De boottocht van India naar Suriname in 1873
In 1873 begon de reis van 34.000 Indiërs naar Suriname. Wat begon als contractarbeid, werd het begin van een gemeenschap. Een verhaal van geloof, taal en doorzettingskracht. Van de Ganges tot aan de Surinamerivier.
11/12/20252 min read


Naar het land van Sri Ram dat Paramaribo bleek te zijn
Tussen 1873 en 1916 verlieten ruim 34.000 mannen, vrouwen en kinderen het noorden van India. Niet als veroveraars of ontdekkingsreizigers, maar als arbeiders op contractbasis. Een deel van een vergeten hoofdstuk dat hun nazaten nog altijd in zich dragen.
De historische aanleiding
Na de afschaffing van de slavernij in 1863 ontstond in Suriname een groot tekort aan arbeidskrachten. Nederland sloot daarom in 1870 een verdrag met de Britse regering om arbeiders te werven in India. Zo ontstond het systeem van indentured labour: arbeid op contractbasis, meestal voor vijf jaar. Wat begon als een economisch experiment, groeide uit tot de geboorte van een gemeenschap.
De werving in India
De meeste migranten kwamen uit Bihar, Uttar Pradesh, Jharkhand en de regio rond Calcutta.
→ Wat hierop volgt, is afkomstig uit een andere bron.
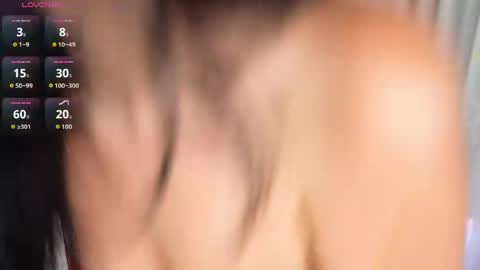 Snapshot of alexa_foxx27 chatting on 04.27.26 alexa_foxx27 online show from 04.27.26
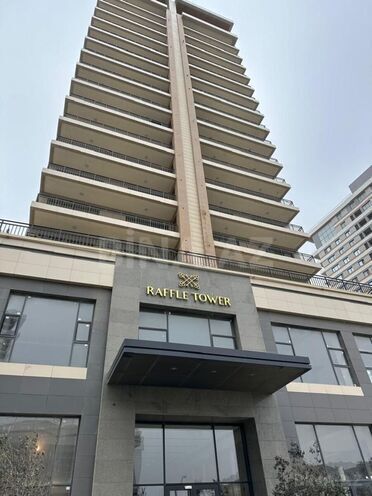 Сдаётся 3-комн. новостройка 120 м², Хатаинский р., photo 16 from 21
Wervers, de zogenoemde arkatis, trokken dorpen door met verhalen over rijkdom en vrijheid. Volgens overlevering vertelden ze dat men naar “Sarnam” zou reizen; door velen gehoord als “Sri Ram”, het heilige land van Rama. Wat als verlossing klonk, werd een reis naar het onbekende.
De depots en de voorbereiding
Wie tekende (vaak met een duimafdruk), werd overgebracht naar verzamelplaatsen zoals Garden Reach in Calcutta. Daar wachtten honderden mannen, vrouwen en kinderen wekenlang in spanning. Ze kregen voedsel, een medische keuring en een nummer. Een identiteit tussen registers, maar nog zonder bestemming. Weinigen wisten waar “Suriname” lag; ze wisten alleen dat het “overzee” was.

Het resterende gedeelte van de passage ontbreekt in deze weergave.